> **PROBLEM TO WORK ON**
Copy each line below in which the string "with" occurs.

> **EXTRACTED DATA**
──────────────────────────────

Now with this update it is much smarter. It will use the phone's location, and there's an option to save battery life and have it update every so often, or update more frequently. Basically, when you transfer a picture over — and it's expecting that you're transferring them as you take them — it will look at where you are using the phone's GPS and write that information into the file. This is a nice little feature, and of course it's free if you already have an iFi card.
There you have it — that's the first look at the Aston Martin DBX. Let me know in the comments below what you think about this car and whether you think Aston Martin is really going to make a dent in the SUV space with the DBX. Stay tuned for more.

──────────────────────────────

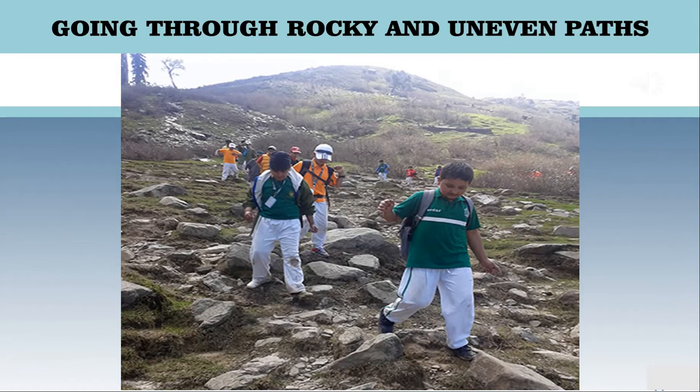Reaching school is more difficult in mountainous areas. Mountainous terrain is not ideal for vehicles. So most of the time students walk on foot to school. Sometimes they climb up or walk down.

──────────────────────────────

> **RESPONSE**
Now with this update it is much smarter. It will use the phone's location, and there's an option to save battery life and have it update every so often, or update more frequently. Basically, when you transfer a picture over — and it's expecting that you're transferring them as you take them — it will look at where you are using the phone's GPS and write that information into the file. This is a nice little feature, and of course it's free if you already have an iFi card.
There you have it — that's the first look at the Aston Martin DBX. Let me know in the comments below what you think about this car and whether you think Aston Martin is really going to make a dent in the SUV space with the DBX. Stay tuned for more.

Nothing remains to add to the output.